Les articles L. 143-11 et suivants du Code du travail prévoient, en effet, un régime d'assurance mis en oeuvre par l'Association pour la gestion du régime d'assurance des créances des salariés (A.G.S.), financée par les cotisations des employeurs. Cette garantie concerne les créances de nature salariale visées par L. 143-11-1 du Code du travail, à savoir les créances nées antérieurement à l'ouverture de la procédure collective ainsi que les créances nées de la rupture du contrat de travail intervenue pendant la période d'observation ou postérieurement au prononcé du jugement de liquidation judiciaire.

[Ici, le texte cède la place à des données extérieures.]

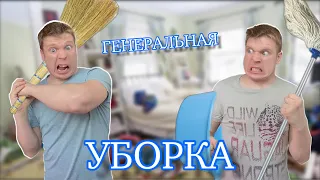 Малой и ГЕНЕРАЛЬНАЯ УБОРКА!!!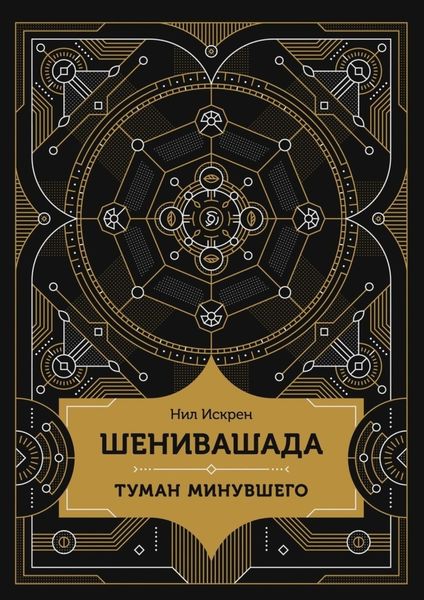 Обложка книги «Шенивашада: Туман минувшего»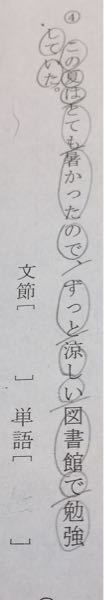 文節の分け方 ある日 を 分節に分けるとある 日と 二文節になる Yahoo 知恵袋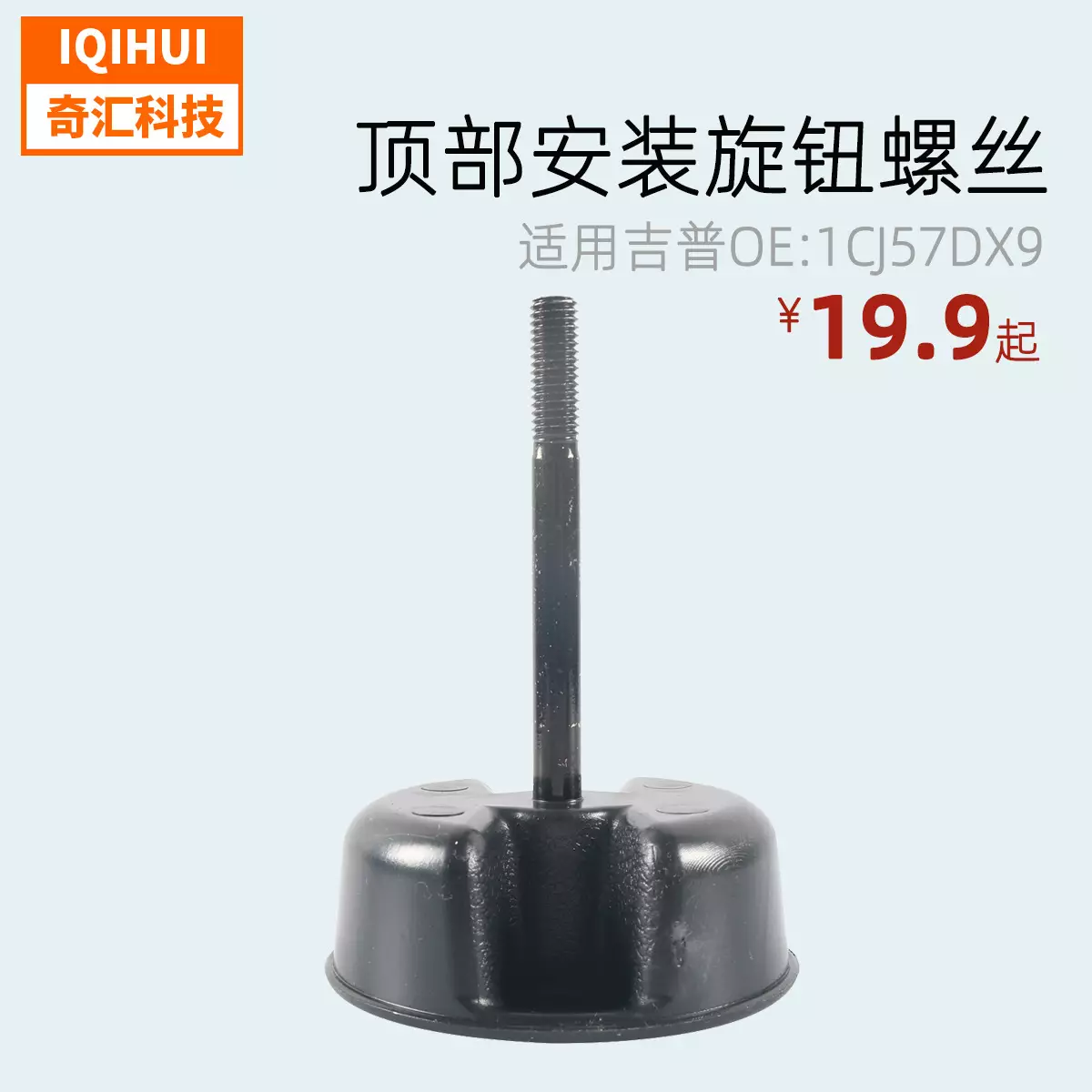 for Wrangler JK roof screw/Wrangler Ding Bolt Jeep special screw OE: 1CJ57DX9AD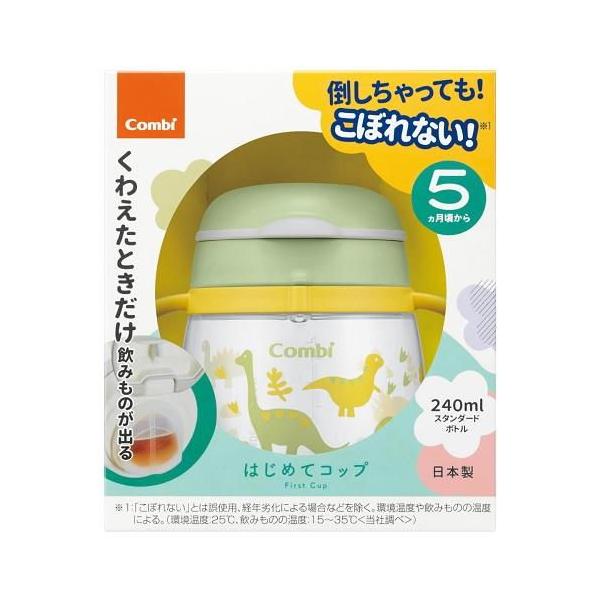 他サイト： ラクマグ はじめてコップ 240 N きょうりゅう (GR) コンビ 返品種別Aの商品画像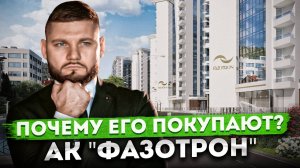 Почему его покупают? Курортные апартаменты недалеко от моря АК "Фазотрон"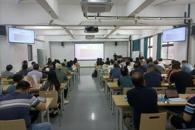 电子信息工程学院召开2025届毕业生就业工作推进会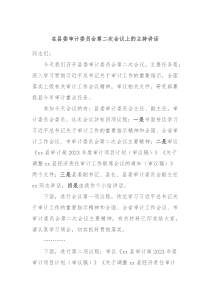 在县委审计委员会第二次会议上的主持讲话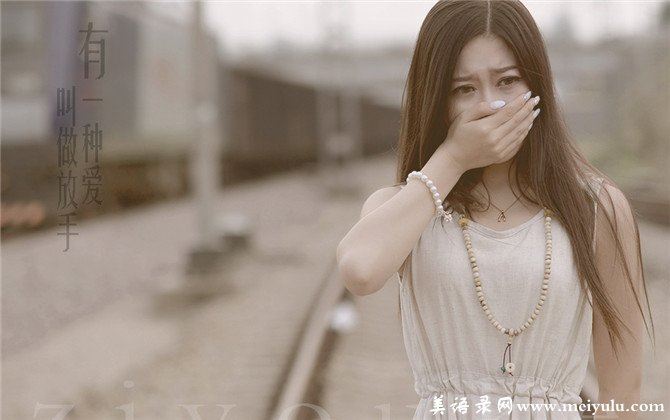 厉行节约,反对浪费《打一个电影名》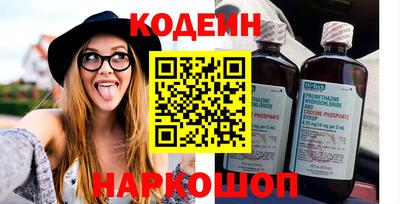 МДМА Кумертау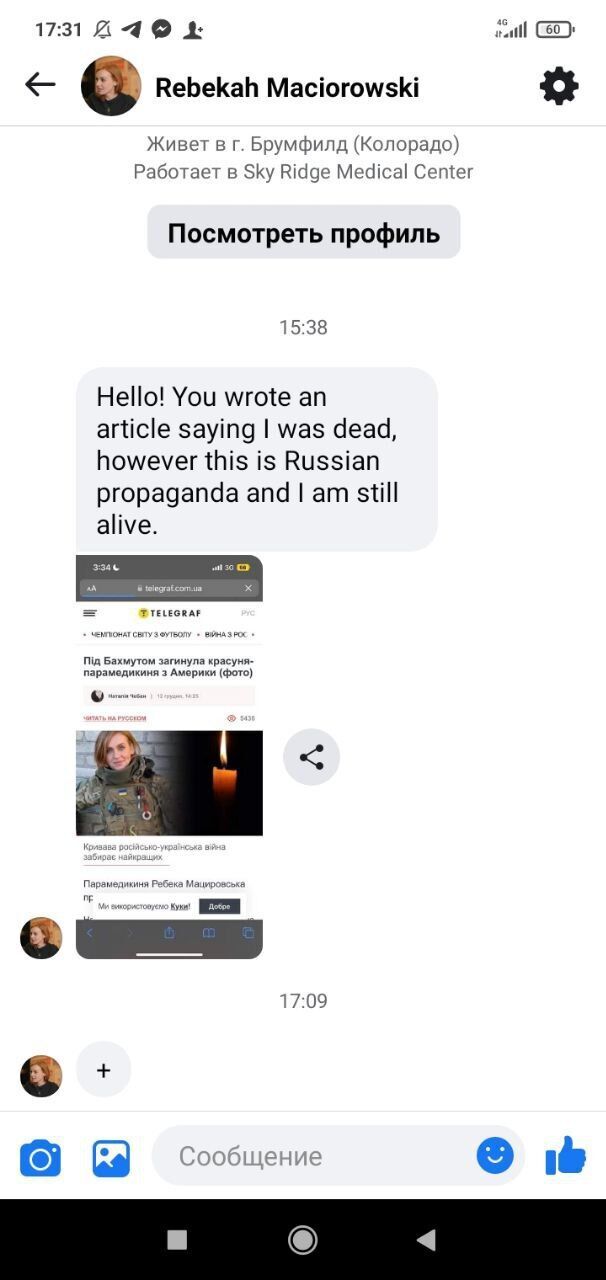 Російські пропагандисти запустили фейк про загибель американки Ребекки Мацировської, яка служить парамедикинею у ЗСУ. Фото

Lorsqu'elle a été créée, le 27 décembre 1973, la garantie ne prévoyait aucun plafonnement. La loi n° 75-1251 du 27 décembre 1975 est venu modifier le Code du travail, pour instaurer une limite correspondant "à un ou des montants fixés par décret, en référence au plafond mensuel retenu pour le calcul des contributions du régime d'assurance chômage..." (article L. 143-11-8 du Code du travail), laquelle limite devait s'appliquer à "toutes créances du salarié confondues". Ces limites ont été fixées, par décret, à treize fois le plafond mensuel retenu pour le calcul des contributions au régime d'assurance chômage lorsque les créances résultent des dispositions législatives ou réglementaires ou de stipulations d'une convention collective et sont nées d'un contrat de travail dont la date de conclusion est antérieure de plus de six mois à la décision prononçant le redressement judiciaire (article D. 143-2 du Code du travail). Dans les autres cas la garantie est limitée à quatre fois le plafond ainsi défini.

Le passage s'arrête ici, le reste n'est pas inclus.